Picked up 3 new chickens yesterday and added them to my coop along with my 4 wyandottes and the wyandottes are not liking it.. The wyandottes stay in the run while the new birds stay in the run. Every once In a while my new buff will come out and 2 go after it and it runs right back in the coop, is this normal???? I moved my chicken tractor right by the back door so I can keep a eye on them.. I just don't want my birds to get hurt what should I do


----------



## Shohenth (Aug 28, 2013)

redneckcgil29 said:


> Picked up 3 new chickens yesterday and added them to my coop along with my 4 wyandottes and the wyandottes are not liking it.. The wyandottes stay in the run while the new birds stay in the run. Every once In a while my new buff will come out and 2 go after it and it runs right back in the coop, is this normal???? I moved my chicken tractor right by the back door so I can keep a eye on them.. I just don't want my birds to get hurt what should I do


I just added 4 new chickens but I have them in my small coop which sits right next to my large coop. This way they can see and hear each other and maybe get use to each other. I will keep them separated for about 5 days to reduce the pecking order fighting.


----------



## redneckcgil29 (May 13, 2013)

Well my problem is that I just have a tractor and not another coop


----------



## CharlieEcho (Nov 25, 2012)

*Getting aquainted;*

They will get aquainted but it will take time. It's best to have them close to each other but seperated until they do. I like to quarantine new birds from the others for a short time anyhow unless I'm sure of where they came from.


----------



## matt_kas (Mar 11, 2013)

CharlieEcho said:


> They will get aquainted but it will take time. It's best to have them close to each other but seperated until they do. I like to quarantine new birds from the others for a short time anyhow unless I'm sure of where they came from.


I do the same thing, but also the have to reestablish the pecking order too


----------



## piglett (Jun 21, 2012)

redneckcgil29 said:


> Picked up 3 new chickens yesterday and added them to my coop along with my 4 wyandottes and the wyandottes are not liking it.. The wyandottes stay in the run while the new birds stay in the run.

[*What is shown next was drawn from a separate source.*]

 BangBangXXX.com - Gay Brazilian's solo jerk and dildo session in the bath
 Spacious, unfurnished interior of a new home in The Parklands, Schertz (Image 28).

Every once In a while my new buff will come out and 2 go after it and it runs right back in the coop, is this normal???? I moved my chicken tractor right by the back door so I can keep a eye on them.. I just don't want my birds to get hurt what should I do


lock them all in the coop or whatever you have & they should have things worked out within a couple days. as long as there is no blood leave them alone. if you mess with them & try to baby them this process will take even longer.


----------